O progresso é somente para os brancos; a (outra) ordem, para os demais. Branco já não mais condiz com uma tonalidade de cor, mas com um modo de ser, agir e pensar. Por isso, fala-se no mito da democracia racial brasileira. A igualdade entre povos é inexistente. Negros e índios são pobres, em regra, porque enfrentam uma monumental hostilidade étnica (quase racial) no espaço escolar; práticas discriminatórias proliferam-se no seu acesso ao emprego, porque são os últimos a ser admitidos e os primeiros candidatos a demissão. Esse resultado é "presente" de um passado sombrio e que tem gerado, ao longo de séculos, sequelas, como as polêmicas ações afirmativas, que visam a beneficiar esses grupos discriminados (ou, discriminadores?!).

Muitas são as críticas feitas contra tais medidas, mas, levando-se em consideração que se visa à democracia na representação do perfil demográfico da sociedade e ao combate à desigualdade social, a política de cotas nas universidades federais, no quesito socialização, seria também uma maneira de extinguir o etnocentrismo branco. Há quem diga que esses atos causariam a diminuição da qualidade do ensino, pois a capacidade de um adolescente advindo de escolas públicas não se compara à de outro que veio de escola privada e fez curso pré-vestibular, e poderiam ocasionar a criação de um sistema de castas e buracos no sistema educacional. Isso pode representar um pensamento racial, classista e preconceituoso, pois as políticas compensatórias têm-se constituído numa oportunidade ímpar para a população pobre do Brasil.

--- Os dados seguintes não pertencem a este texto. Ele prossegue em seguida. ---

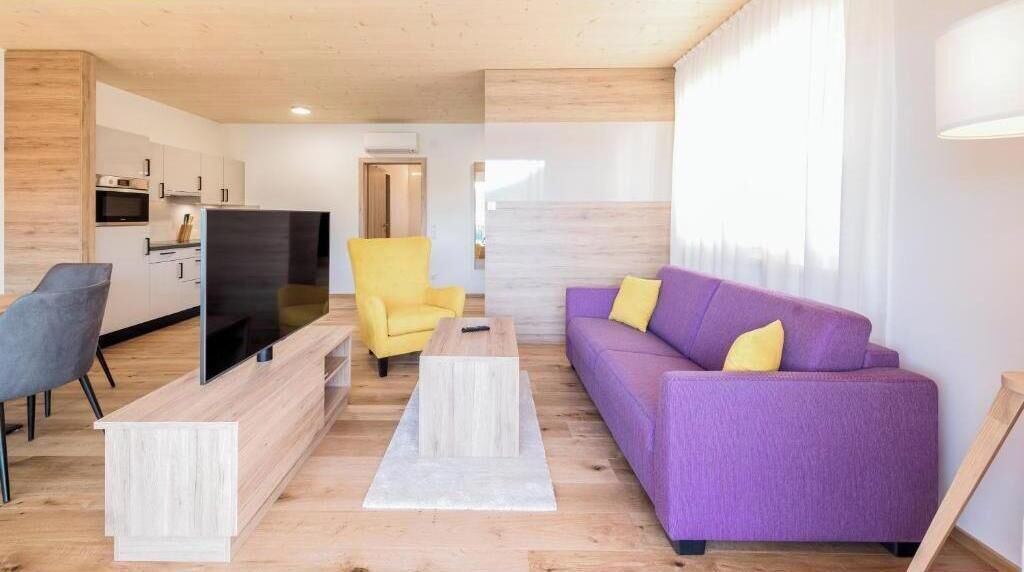 Photo of Livingroom in Klopein am Klopeiner See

Gente que nunca teve oportunidades na vida, "vai com tudo" quando as tem. Quanto à "sociedade de castas", já se vive nela, onde a cor da pele é mais importante que o brilho dos olhos, resultando numa cidadania de papel, já que os prejudicados, que ocupam uma posição inferior, não teriam acesso aos seus direitos (não nos esqueçamos de que todos estamos sujeitos a uma cidadania regulada, no dizer de Roberto Damatta). Contextualizando, direitos como nascer livre e portar igualdade em dignidade, remuneração justa e trabalho ou como circular livremente não saíram do papel; afinal, a ideologia branca está tão enraizada na sociedade, que o diferente é visto como uma aberração natural, como um inimigo, o hostil, aquele que deve ser expulso, alijado, aniquilado, se possível.

É certo que cotas constituem-se apenas em medida paliativa e não resolverão o problema brasileiro quanto à educação, entretanto, no que se refere à convivência com o "diferente" (meio estranho dizer isso, levando em consideração o processo de formação da sociedade brasileira), será um ponto positivo. Enquanto isso, não se pode negar que somos desiguais e, para combater a tirania, precisamos rediscutir a célebre frase de Ruy Barbosa em sua "Oração aos Moços", reveladora de uma lógica de desigualdades, em vez de privilegiar a oportunidade de igualdade a todos. Nesse sentido, qualquer política voltada às ações afirmativas pode servir para equilibrar a balança, contrariando, justamente, a lógica do discurso mencionado. Não se trata de desigualar os desiguais na medida de suas desigualdades, mas de corrigir as fontes dessas desigualdades, visando a igualar os desiguais. Só assim poderemos começar a ruptura necessária e superar a ideia nefasta de uma cidadania regulada para construirmos uma cidadania plena e democrática.